[Exercise inputs Boundary: Start]

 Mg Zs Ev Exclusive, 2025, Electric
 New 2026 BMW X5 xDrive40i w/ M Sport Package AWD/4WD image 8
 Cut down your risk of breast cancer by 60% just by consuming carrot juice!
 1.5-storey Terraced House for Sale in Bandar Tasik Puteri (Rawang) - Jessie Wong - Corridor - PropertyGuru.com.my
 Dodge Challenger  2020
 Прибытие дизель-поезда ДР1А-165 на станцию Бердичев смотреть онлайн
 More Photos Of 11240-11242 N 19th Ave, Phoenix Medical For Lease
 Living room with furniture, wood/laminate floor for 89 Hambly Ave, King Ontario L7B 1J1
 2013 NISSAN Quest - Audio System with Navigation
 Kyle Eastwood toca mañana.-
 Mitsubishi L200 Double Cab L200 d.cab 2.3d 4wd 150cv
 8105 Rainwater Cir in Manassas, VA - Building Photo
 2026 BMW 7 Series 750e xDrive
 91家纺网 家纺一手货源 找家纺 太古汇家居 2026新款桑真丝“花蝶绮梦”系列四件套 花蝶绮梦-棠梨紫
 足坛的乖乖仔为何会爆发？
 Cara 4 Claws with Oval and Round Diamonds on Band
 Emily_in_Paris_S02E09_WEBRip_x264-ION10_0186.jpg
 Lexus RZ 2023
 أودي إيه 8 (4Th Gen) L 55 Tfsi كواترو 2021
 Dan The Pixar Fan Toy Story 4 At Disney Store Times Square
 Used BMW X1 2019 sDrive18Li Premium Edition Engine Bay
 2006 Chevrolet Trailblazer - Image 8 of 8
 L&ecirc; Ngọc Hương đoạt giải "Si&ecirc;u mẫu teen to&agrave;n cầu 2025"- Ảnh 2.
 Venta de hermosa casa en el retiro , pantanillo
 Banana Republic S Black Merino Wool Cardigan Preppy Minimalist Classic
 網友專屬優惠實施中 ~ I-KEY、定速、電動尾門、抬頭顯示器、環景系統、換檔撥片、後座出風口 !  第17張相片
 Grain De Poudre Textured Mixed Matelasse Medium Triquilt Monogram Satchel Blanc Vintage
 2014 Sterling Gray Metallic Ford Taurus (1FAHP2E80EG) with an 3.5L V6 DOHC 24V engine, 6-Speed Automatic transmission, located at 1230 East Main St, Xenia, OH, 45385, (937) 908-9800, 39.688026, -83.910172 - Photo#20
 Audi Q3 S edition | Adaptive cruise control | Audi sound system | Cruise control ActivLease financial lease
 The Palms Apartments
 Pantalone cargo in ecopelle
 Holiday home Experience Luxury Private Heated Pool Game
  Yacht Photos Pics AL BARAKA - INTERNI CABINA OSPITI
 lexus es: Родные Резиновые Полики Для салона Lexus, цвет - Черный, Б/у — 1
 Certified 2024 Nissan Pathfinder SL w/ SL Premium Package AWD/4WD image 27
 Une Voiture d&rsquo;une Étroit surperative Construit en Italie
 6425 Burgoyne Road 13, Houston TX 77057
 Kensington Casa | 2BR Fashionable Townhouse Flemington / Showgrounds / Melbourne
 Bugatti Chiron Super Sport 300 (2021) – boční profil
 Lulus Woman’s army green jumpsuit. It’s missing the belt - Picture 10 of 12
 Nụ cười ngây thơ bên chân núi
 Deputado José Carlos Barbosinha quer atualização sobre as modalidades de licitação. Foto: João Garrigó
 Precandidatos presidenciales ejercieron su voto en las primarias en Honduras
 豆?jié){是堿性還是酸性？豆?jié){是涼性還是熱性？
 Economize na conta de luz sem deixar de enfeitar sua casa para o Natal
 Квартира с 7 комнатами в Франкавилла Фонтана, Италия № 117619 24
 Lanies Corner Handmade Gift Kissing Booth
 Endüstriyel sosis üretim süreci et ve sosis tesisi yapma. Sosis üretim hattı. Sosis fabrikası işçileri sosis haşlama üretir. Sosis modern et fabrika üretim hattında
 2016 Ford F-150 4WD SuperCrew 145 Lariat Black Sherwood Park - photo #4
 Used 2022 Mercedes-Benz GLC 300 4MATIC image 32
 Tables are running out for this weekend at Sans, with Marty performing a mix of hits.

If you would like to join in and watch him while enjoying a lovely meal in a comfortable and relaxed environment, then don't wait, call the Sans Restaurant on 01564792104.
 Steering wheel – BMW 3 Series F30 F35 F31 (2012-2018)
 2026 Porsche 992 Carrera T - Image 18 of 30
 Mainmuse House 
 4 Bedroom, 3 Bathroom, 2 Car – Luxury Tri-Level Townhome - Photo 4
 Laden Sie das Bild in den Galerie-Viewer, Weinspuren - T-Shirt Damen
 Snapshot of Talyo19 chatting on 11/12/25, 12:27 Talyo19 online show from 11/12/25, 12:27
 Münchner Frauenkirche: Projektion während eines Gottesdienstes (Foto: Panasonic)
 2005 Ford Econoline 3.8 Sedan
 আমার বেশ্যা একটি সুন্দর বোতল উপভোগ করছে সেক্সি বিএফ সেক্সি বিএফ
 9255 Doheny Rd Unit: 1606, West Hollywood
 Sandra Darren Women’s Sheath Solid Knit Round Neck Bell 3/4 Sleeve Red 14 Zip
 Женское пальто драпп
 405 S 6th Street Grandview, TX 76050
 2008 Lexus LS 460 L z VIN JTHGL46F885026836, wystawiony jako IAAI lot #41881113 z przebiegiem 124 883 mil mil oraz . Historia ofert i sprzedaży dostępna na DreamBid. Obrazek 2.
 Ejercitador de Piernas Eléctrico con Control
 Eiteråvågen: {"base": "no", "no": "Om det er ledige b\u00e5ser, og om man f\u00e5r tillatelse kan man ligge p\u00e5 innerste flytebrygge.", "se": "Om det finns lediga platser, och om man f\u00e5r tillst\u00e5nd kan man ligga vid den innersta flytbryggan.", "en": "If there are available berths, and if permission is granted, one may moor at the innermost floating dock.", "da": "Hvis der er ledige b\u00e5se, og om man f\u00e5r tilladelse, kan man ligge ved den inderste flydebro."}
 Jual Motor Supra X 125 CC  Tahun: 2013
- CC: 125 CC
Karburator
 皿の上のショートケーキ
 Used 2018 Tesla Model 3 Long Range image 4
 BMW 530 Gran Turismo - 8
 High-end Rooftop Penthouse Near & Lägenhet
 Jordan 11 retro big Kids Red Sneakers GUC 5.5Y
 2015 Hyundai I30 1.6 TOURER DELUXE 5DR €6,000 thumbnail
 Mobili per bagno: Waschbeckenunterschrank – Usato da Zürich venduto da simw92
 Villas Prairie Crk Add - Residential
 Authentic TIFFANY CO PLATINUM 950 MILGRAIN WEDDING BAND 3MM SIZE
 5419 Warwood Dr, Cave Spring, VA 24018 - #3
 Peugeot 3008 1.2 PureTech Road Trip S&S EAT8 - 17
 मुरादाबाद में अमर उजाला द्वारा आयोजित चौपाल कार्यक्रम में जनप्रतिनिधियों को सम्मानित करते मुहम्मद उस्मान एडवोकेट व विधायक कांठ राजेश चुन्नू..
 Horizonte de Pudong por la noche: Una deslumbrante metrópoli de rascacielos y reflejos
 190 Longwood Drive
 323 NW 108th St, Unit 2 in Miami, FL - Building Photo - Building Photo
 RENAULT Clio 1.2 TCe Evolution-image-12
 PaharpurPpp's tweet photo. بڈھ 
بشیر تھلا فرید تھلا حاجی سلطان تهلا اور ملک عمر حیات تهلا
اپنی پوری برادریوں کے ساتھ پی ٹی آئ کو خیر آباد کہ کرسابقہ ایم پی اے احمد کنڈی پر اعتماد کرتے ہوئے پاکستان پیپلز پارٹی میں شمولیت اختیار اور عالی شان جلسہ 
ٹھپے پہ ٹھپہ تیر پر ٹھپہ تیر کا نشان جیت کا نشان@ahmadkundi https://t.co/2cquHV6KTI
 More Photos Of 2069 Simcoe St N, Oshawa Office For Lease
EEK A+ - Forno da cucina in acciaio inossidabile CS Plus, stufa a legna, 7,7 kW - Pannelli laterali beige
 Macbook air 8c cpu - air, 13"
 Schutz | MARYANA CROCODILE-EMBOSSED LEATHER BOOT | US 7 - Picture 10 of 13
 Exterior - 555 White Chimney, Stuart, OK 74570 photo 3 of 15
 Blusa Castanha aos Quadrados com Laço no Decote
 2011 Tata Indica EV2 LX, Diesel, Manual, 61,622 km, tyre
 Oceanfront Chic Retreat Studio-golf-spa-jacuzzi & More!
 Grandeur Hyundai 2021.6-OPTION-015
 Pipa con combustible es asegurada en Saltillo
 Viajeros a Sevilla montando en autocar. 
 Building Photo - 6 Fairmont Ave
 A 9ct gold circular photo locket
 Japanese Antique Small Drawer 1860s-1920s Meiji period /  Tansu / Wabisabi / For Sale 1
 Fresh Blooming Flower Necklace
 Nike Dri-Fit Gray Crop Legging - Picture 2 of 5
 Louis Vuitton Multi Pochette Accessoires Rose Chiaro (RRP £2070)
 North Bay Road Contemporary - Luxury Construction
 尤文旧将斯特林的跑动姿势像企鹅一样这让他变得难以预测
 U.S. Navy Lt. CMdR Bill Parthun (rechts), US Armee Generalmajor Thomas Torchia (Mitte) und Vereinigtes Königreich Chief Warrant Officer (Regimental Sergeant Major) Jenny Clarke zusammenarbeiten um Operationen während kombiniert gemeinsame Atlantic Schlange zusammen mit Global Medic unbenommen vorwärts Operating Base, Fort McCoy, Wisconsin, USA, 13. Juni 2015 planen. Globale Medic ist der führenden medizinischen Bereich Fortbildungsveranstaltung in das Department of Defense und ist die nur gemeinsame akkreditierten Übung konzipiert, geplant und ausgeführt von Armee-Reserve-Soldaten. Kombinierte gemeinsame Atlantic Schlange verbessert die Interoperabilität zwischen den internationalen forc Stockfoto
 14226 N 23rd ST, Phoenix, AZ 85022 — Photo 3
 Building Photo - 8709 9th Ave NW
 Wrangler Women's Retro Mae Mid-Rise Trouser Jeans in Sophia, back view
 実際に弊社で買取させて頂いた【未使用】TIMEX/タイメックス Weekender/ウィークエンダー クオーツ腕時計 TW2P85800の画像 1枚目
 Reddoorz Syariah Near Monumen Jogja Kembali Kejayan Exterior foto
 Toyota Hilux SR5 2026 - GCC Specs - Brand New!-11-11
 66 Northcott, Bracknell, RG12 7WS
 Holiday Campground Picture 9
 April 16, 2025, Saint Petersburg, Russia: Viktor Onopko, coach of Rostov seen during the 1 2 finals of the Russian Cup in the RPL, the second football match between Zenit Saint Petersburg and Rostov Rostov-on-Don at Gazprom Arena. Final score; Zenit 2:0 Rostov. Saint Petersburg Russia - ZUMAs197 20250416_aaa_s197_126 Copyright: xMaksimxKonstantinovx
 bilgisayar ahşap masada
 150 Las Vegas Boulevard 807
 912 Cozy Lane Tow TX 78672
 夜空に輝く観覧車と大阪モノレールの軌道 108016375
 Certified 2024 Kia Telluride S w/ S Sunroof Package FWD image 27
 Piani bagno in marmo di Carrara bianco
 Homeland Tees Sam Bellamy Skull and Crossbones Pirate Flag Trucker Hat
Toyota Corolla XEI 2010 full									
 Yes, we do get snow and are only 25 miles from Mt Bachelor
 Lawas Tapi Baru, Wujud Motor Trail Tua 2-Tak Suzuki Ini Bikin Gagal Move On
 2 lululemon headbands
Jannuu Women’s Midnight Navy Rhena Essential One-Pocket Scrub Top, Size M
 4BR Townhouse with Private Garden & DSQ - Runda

[Exercise inputs Boundary: End]

Exercise prompt: What you return should be exactly the lines above, starting at the one with "8105 Rainwater Cir" and ending at the one with "Used BMW X1", and nothing else.

Response to this exercise:
 8105 Rainwater Cir in Manassas, VA - Building Photo
 2026 BMW 7 Series 750e xDrive
 91家纺网 家纺一手货源 找家纺 太古汇家居 2026新款桑真丝“花蝶绮梦”系列四件套 花蝶绮梦-棠梨紫
 足坛的乖乖仔为何会爆发？
 Cara 4 Claws with Oval and Round Diamonds on Band
 Emily_in_Paris_S02E09_WEBRip_x264-ION10_0186.jpg
 Lexus RZ 2023
 أودي إيه 8 (4Th Gen) L 55 Tfsi كواترو 2021
 Dan The Pixar Fan Toy Story 4 At Disney Store Times Square
 Used BMW X1 2019 sDrive18Li Premium Edition Engine Bay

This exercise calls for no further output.